┌──

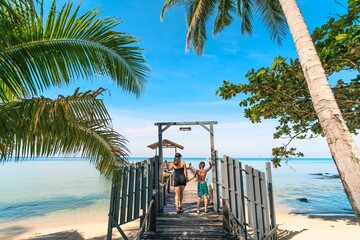 Mother and son on tropical beach with palm trees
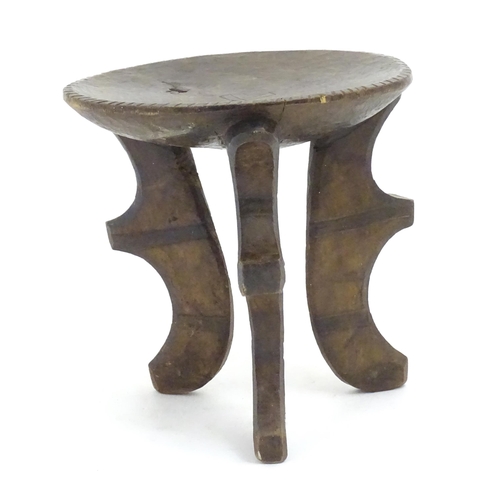 1187 - Ethnographic / Native / Tribal: A three legged African stool with carved detail. Approx. 19 1/2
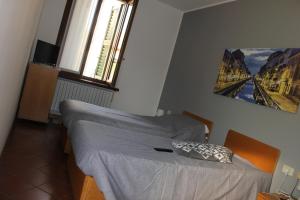 Un pat sau paturi într-o cameră la ALBERGO LA SCALETTA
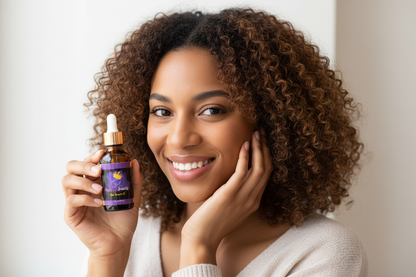 Person holding hair growth oil bottle and smiling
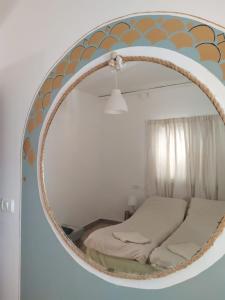 Giường trong phòng chung tại Juha's Guesthouse - Zarqa Bay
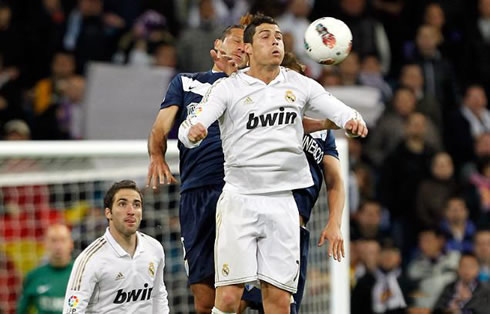 Cristiano Ronaldo making a funny face when jumping to head a ball in Real Madrid vs Malaga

└──

### WHAT IS NEEDED:
Print the listing above in full, exactly as written. Omit any pictures.

### SOLUTION FOR THIS TASK:
 Mother and son on tropical beach with palm trees
 1187 - Ethnographic / Native / Tribal: A three legged African stool with carved detail. Approx. 19 1/2
 Un pat sau paturi într-o cameră la ALBERGO LA SCALETTA
 Person holding hair growth oil bottle and smiling
 Giường trong phòng chung tại Juha's Guesthouse - Zarqa Bay
 Cristiano Ronaldo making a funny face when jumping to head a ball in Real Madrid vs Malaga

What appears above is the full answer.